Central Limit Theorem
Central Limit Theorem
One of the most important parts of statistics and probability theory is the Central Limit Theorem.
The central limit theorem states that if some certain conditions are satisfied, then the distribution of the arithmetic mean of a number of independent random variables approaches a normal distribution as the number of variables approaches infinity.
In simple words, If a random sample of n observations is selected from a population (any population), then when n is sufficiently large, the sampling distribution of x will be approximately normal.
(The larger the sample size, the better will be the normal approximation to the sampling distribution of x.)
Here are two main things you should remember and use when proving agreement with the Central Limit Theorem:
1) If the sample size is greater than 30, the Distribution of Sample Means will approximately follow a normal distribution Regardless of the underlying population distribution.

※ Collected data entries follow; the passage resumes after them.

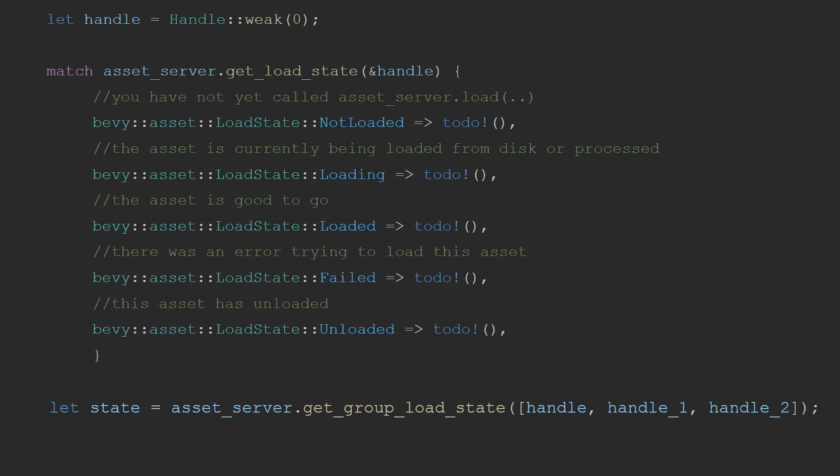This can be not loading if the asset has yet to be loaded by any of the methods previous. Loading if the asset is currently reading from disk or being processed. Loaded if the asset is ready to go and used. Failed if the asset server or the asset loader encountered an error while trying to load the asset. This could be that the file didn't exist or some corruption in the file that the asset loader cannot decipher. And finally, unloaded if the asset has not got any strong handles remaining and has since unloaded.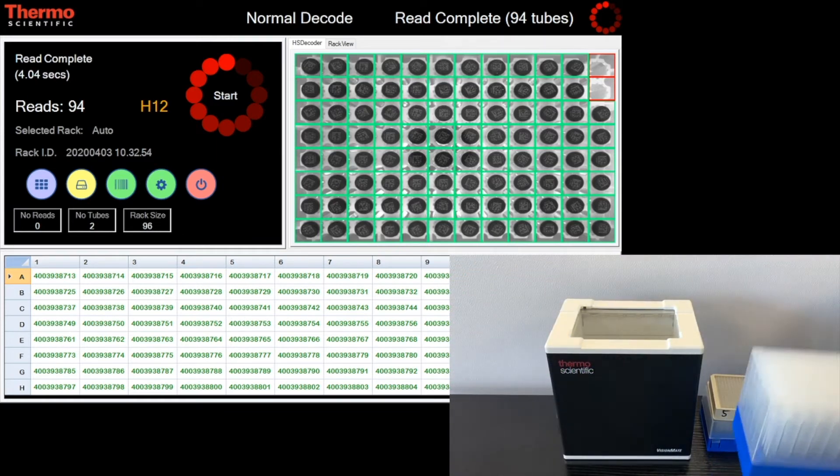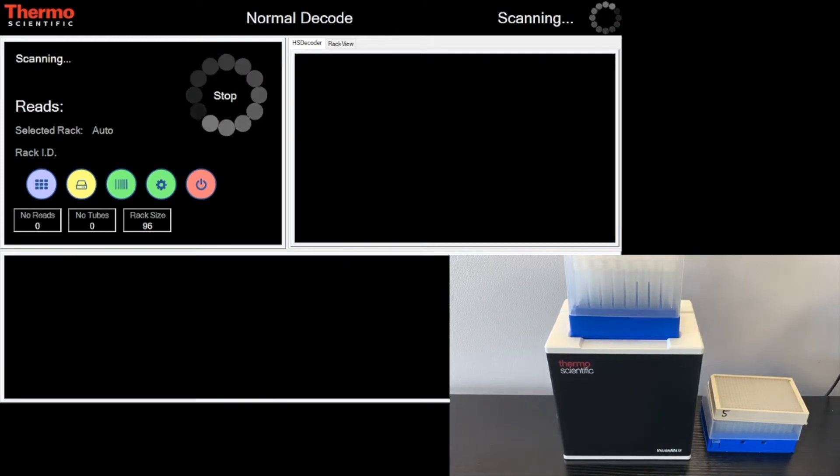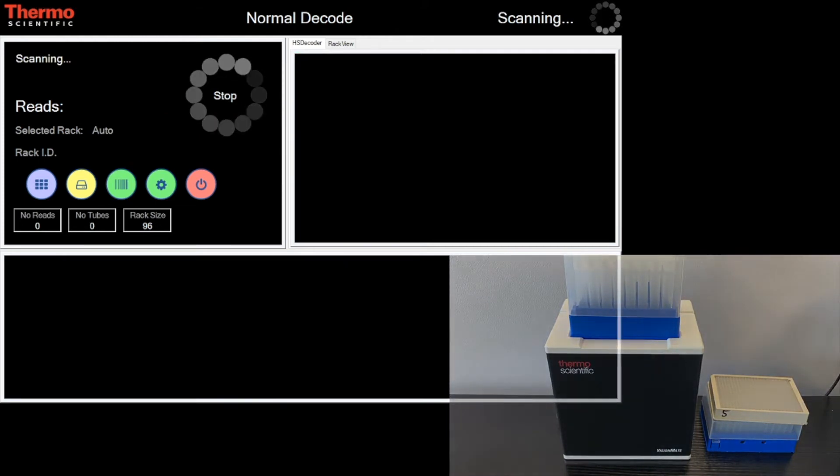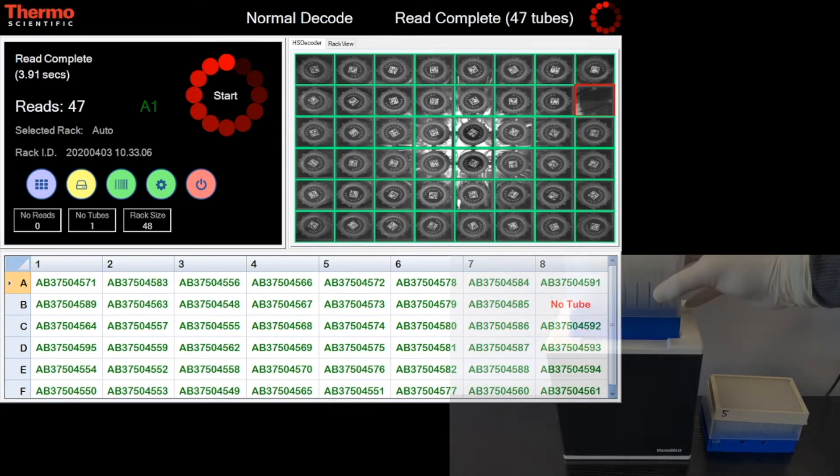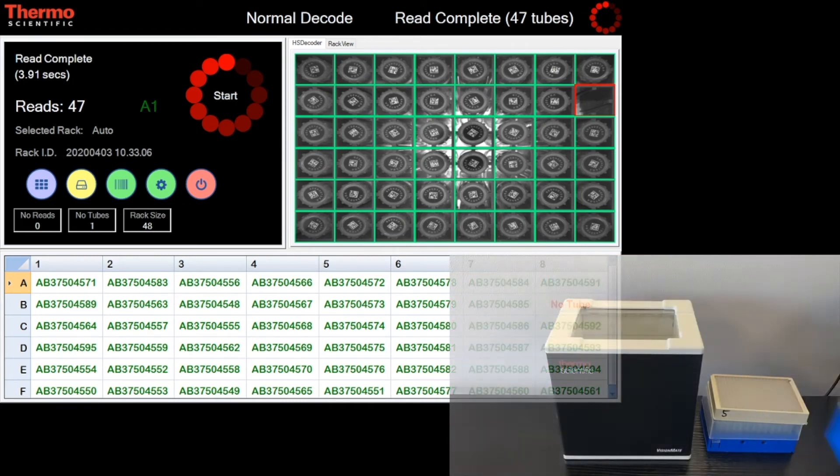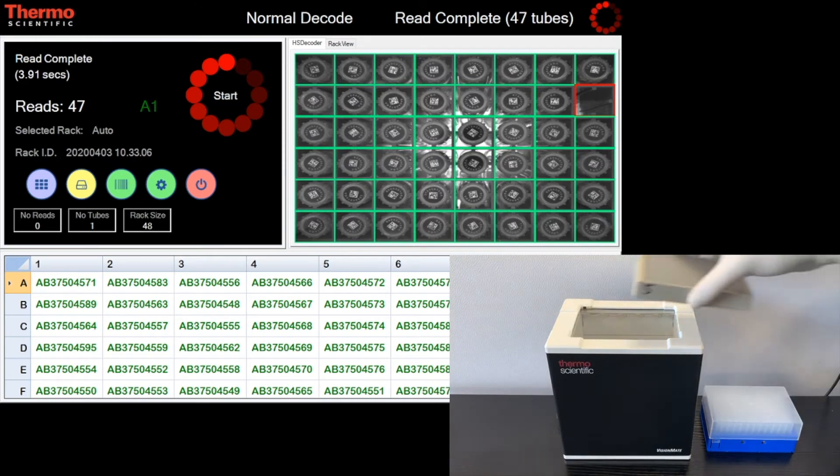The Visionmate has many features to aid the processing of test tube data, such as orientation management, no-read, no-tube detection, and visual aids for the operator.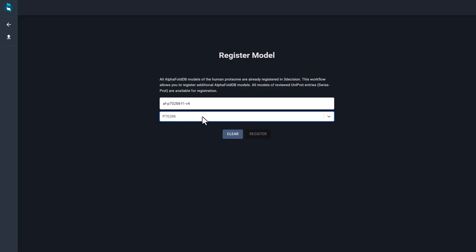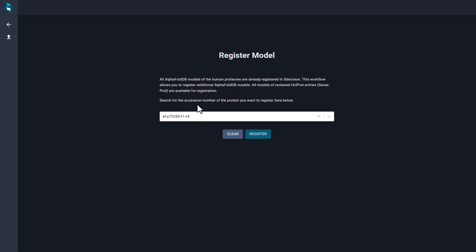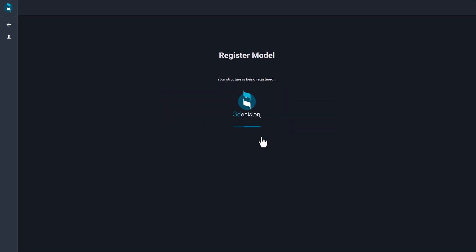You just need the UniProt accession code of the structure you want to add, and in a few seconds, the AlphaFold model will be added to the 3Decision database.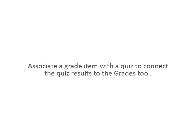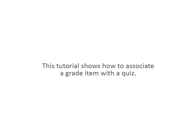Associate a grade item with a quiz to connect the quiz results to the Grades tool. This tutorial shows how to associate a grade item with a quiz.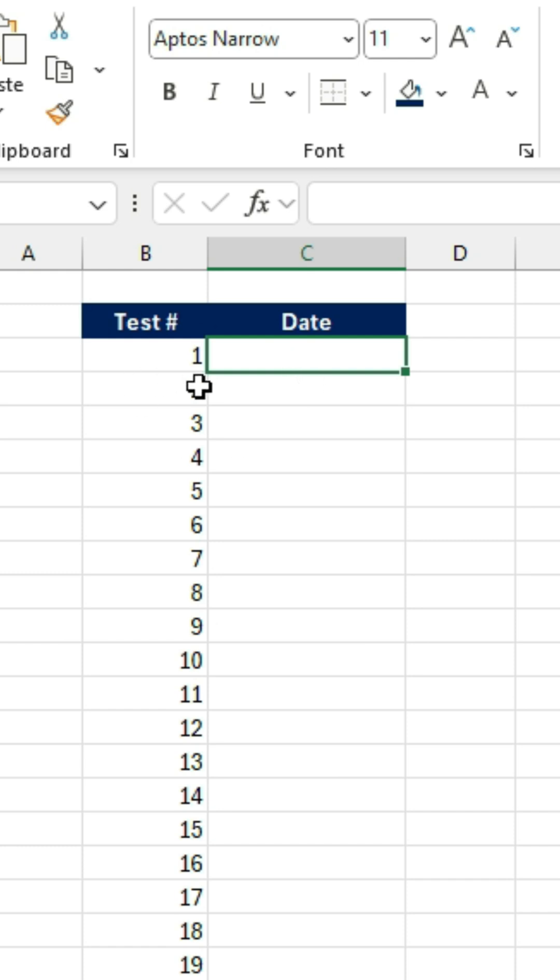Similarly, over here, let's say that these tests are going to start on the 1st of January 2024. They're going to go on every week. So every 7 days. We can also specify that using the Sequence formula.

If the underlying population distribution is Normally Distributed, the Distribution of Sample Means will be normally distributed Regardless of the sample sizes used.
2) The mean of the Distribution of Sample Means will be the same as the underlying populations mean i.e. The mean of the sample means will be the population mean µ.
The standard deviation of the Distribution of Sample Means, however, will be the underlying population’s standard deviation divided by the square root of the sample size i.e. the standard deviation of the sample means will approach σ/√n.